Edged with a smartly paved seafront promenade, the area is filled with high-end hotels, cafes, upscale restaurants, art galleries, cinemas, avant-garde theaters, and piano bars. (NOTE TO READERS: Don’t request the pianist play “Girl from Ipanema”, unless you want some serious eye-rolls and embarrassing stink eye. I learned that lesson the hard way. What can I say? I was overtaken by the moment and experience).
Meanwhile, in neighboring Leblon, there’s an awesome antique market every Sunday at Praça de Quental, in addition to the Feira de Artesanato de Ipanema at Praca General Osori, featuring crafts, music, art, and local foods.
Rio is packed full of exciting and exquisite dining opportunities (although you’ll struggle if you’re a vegetarian, let alone a vegan…even the rice and beans are cooked in a meat sauce).
But, if you’re a true foodie a trip to Rio would be incomplete without a visit to La Feira Livre da Glória, a vibrant Sunday morning market that’s a magnet for die-hard gastronomes.

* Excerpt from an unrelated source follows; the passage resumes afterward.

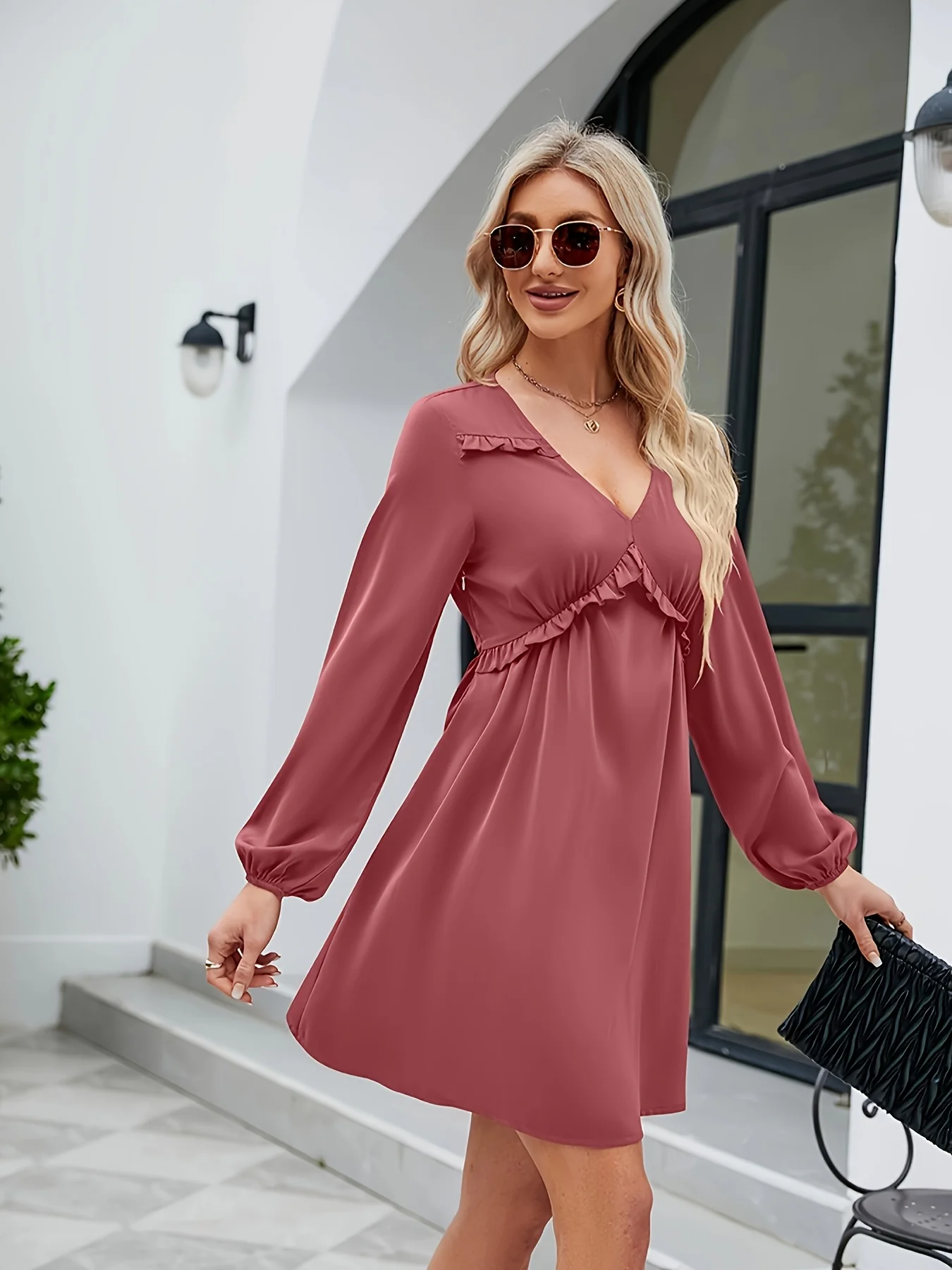 Pink Plunge Neck Dress - Image 2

Definitely, off the tourist trail, the market is the best place in town to sample fresh local produce such as an astounding array of fresh fish, artisanal cachaça, exotic fruits, and the classic Brazilian breakfast staple of pastels–freshly baked pastries packed full of cheese, heart of palm or meat.
Wander the streets
Located just five minutes from downtown Rio is one of the most picturesque areas to stroll around and lose yourself in the color and vibe of the city.
Santa Teresa is one of the most charming and colorful neighborhoods and it’s packed full of art and culture.
A must-see is Escadaria Selaron, the amazing ongoing staircase art project that uses ceramics, tiles, and mirror pieces from around the world. In addition, ride on the only remaining streetcar in Rio, Bonde de Santa Teresa, and visit the Convent.
Iglesia Convento was built by the Order of Discalced Carmelites, in the Carmelite style in the first third of the 17th century, and is supposedly located on the site where Saint Teresa of Ávila was born.
Santa Teresa is also one of the best areas in Rio for nightlife, with a plethora of restaurants, street food, live music venues, and hopping bars, including the amazing Bar do Gomes which stocks sixty-plus types of cachaça–a distilled spirit made from fermented sugarcane juice that’s synonymous with Brazil. A perfect location for some lazy, languid day drinking.
It’s worth noting, to take care in the area at night as pickpockets are rife, so carry a minimum of cash and leave any flashy jewelry in the hotel safe.